Вполне обоснованное мнение. Думаю, именно так ее многие и видели, потому что к внешнему человеку она была обращена именно этой своей стороной. Я потому и начал рассказ о Санкхье «с конца», чтобы провести вас мимо этой ее части. Очень возможно, что и это было частью тайного учения или подготовки к посвящению. Выдержать бесконечные «инвентаризации» может не каждый.
Кстати, той же болезнью счетоводства страдал и Буддизм. Поскольку в следующих главах я перейду к нему, есть смысл сказать несколько слов о том, что ранняя Санкхья во времена Упанишад и во времена ее основоположника Капилы была, видимо, проще. Но вот подсчет в ней уже был. И более чем вероятно, что именно Санкхья была тем источником, из которого вырос Буддизм.
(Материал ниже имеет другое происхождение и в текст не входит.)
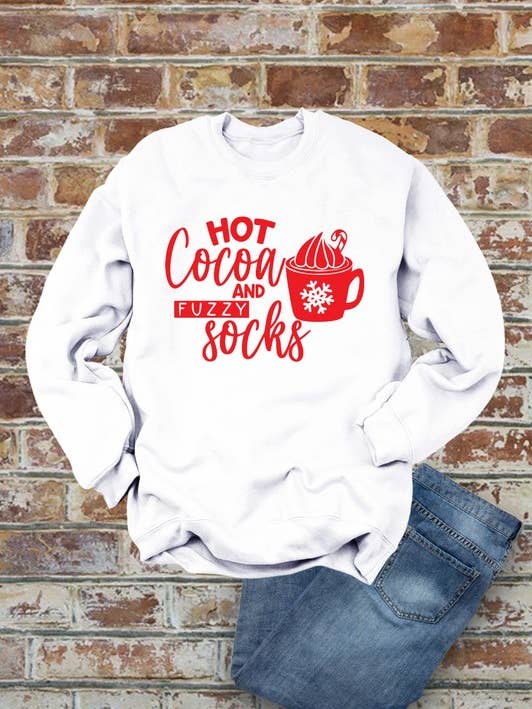 Hot Cocoa And Fuzzy Socks, Christmas, Unisex Crewneck Fleece Sweatshirts for wholesale by Top Avenue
Приведу большую выдержку из предисловия Гарбе к «Таттва-каумуди» – тому самому комментарию к «Санкхья-карикам», которые сделал Вачаспати Мишра.
«Склонность Будды к классификации понятий выражается в педантичном счислении, которое в постоянной форме встречается в его проповедях: пятеричная привязанность к земному, святой восьмичленный путь, двенадцатичленное познание, восьмеричное воздержание, четвероякое стремление и т. п.; “добродетели и пороки имеют свое число; есть пять сил и пять органов нравственной жизни, пять преград и семь элементов просвещения известны также еретикам и неверным, но только ученики Будды знают, как эти Пять развиваются в Десять и эти Семь в Четырнадцать”.
С такими же особенностями мы встречаемся в Санкья-системе, получившей свое наименование от счисления принципов и, может быть, также от исключительного пристрастия к переложению отвлеченных понятий в сухие числовые отношения. В Санкья-системе мы находим троякое страдание (то есть исходящее от богов, от других существ и от нас самих), далее – пятеричная склонность, духовное творчество пятидесяти родов, бессилие двадцати восьми родов, девятикратное удовлетворение, восьмеричное совершенство и заблуждение шестидесяти двух родов, распадающееся на восьмеричную темноту, восьмеричное помрачнение, десятеричное великое помрачнение, тьму восемнадцати родов и непрозримую тьму восемнадцати родов.
Я думаю, нельзя объяснить это замечательное совпадение всеобщей склонностью Индусов к схематизированию, скорее же здесь должно видеть непрерывность вполне определенно окрашенной схоластической манеры учения. Если же мы зададимся вопросом, кто же из них передал один другому этот сухой философский метод, Капила Будде или наоборот, то самое дело укажет нам с полною очевидностью на Капилу, основателя счислительной философии» (Гарбе // Лунный свет Санкья-истины, с. 63–64).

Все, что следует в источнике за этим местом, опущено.